Pengurus Komite Eksekutif Pusat Pengembangan Riset Sistem Peradilan Pidana Universitas Brawijaya (Persada-UB) itu berpendapat reformasi institusi Kejaksaan perlu dilakukan, tetapi langkah itu juga perlu dilakukan pada aktor sistem peradilan pidana lainnya seperti kepolisian, lembaga pemasyarakatan, dan pengadilan. “Pemerintah harus berinvestasi lebih banyak untuk menjamin due process dalam sistem hukum acara pidana, bahkan dalam konstitusi,” paparnya dalam ringkasan disertasi yang diperoleh hukumonline.

Jika pemerintah serius mendorong rule of law dalam sistem peradilan pidana, maka perlu dilakukan upaya memperkuat sistem kontrol terhadap tindakan paksa sebelum pengadilan, mengembalikan dominus litis kepada penuntut umum, dan menjamin diskresi jaksa untuk menghentikan perkara demi kepentingan umum.
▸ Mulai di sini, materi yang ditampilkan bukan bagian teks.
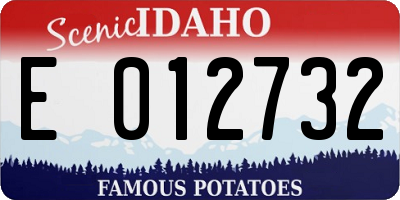 ID license plate E012732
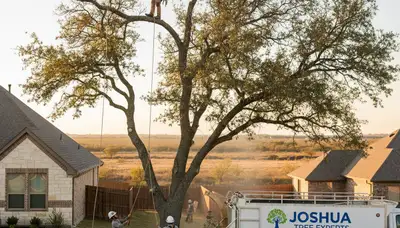 Professional tree removal service in Arlington TX clearing large oak safely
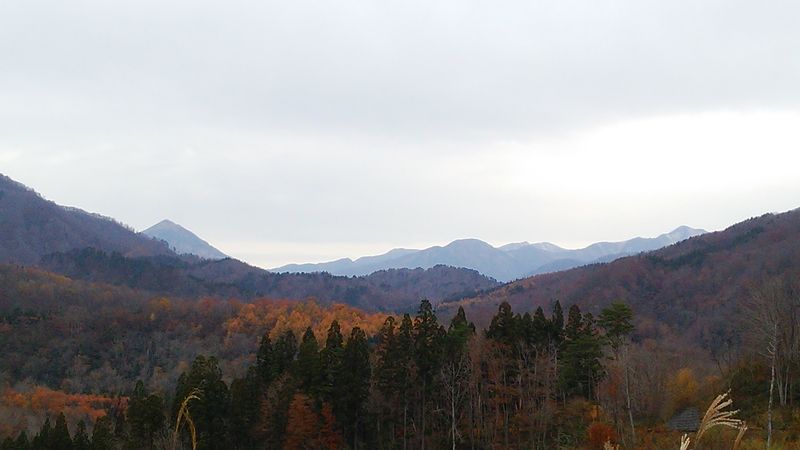 野川渓谷の山岳情報です。（11月10日）
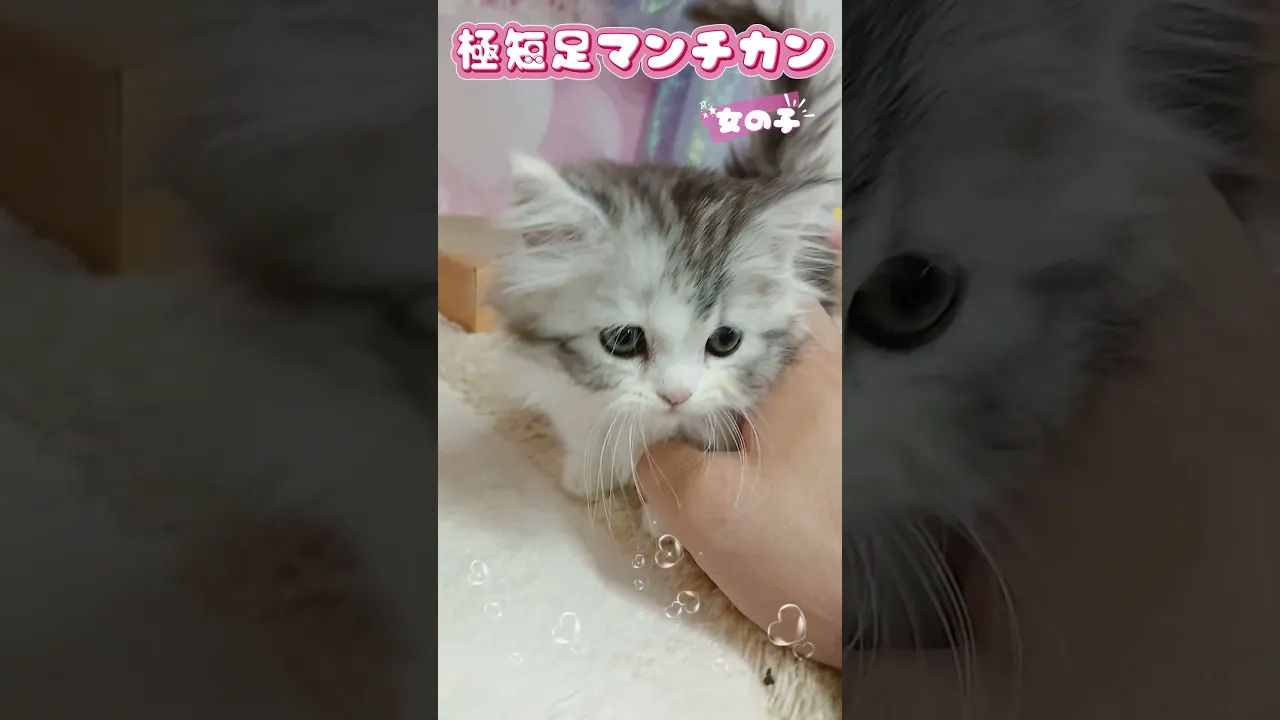 動画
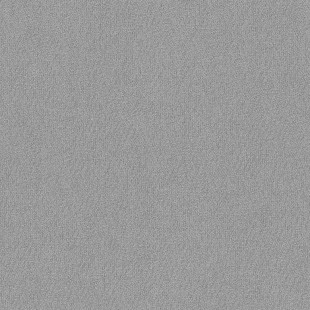 Алиса Субботина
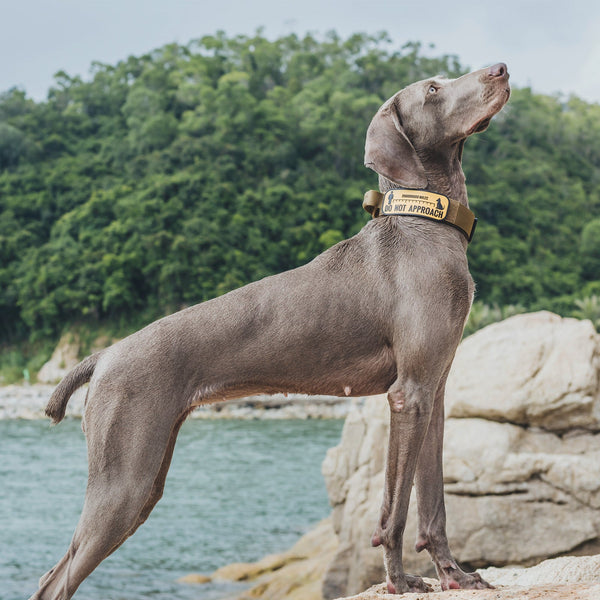 ONETIGRIS - Dog Collar 08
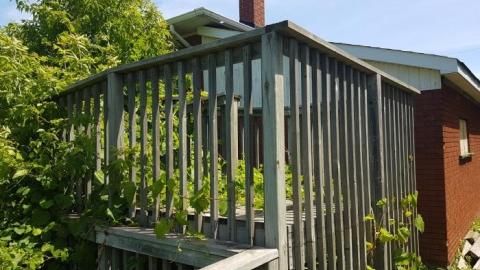 July 2019 - 20190720_125033.jpg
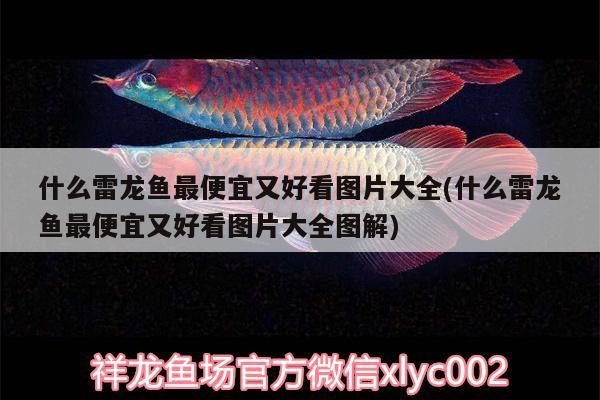 什么雷龍魚最便宜又好看圖片大全(什么雷龍魚最便宜又好看圖片大全圖解)（什么品種雷龍魚最便宜又好看圖片大全）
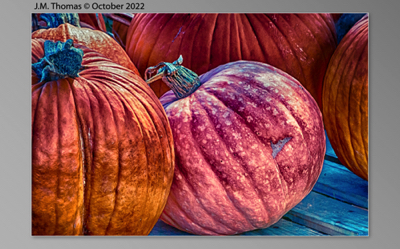 October Pumpkins-3.jpg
Dan ini semua harus dilakukan secara layak. Perubahan-perubahan ini akan berimbas pada aktor lainnya dalam sistem peradilan pidana.

Norma hukum baik dalam hukum acara maupun dalam praktik telah berkembang dan berubah, sesuai dengan kepentingan rezim yang berkuasa. Budaya militer jaksa, yang berasal dari era Orde Baru, mempengaruhi cara penuntut umum mengartikan KUHAP (UU No. 8 Tahun 1981). Salah satu misalnya adalah menafsirkan penghentian perkara demi kepentingan umum. Diskresi ini jarang dipakai, dan biasanya hanya untuk perkara yang berdampak serius pada pemerintah. Akibatnya, hampir semua perkara pidana dari kepolisian dilanjutkan jaksa ke proses penuntutan. Akibatnya jelas, jumlah perkara pidana sangat banyak dan terjadi penumpukan di penjara/lembaga pemasyarakatan.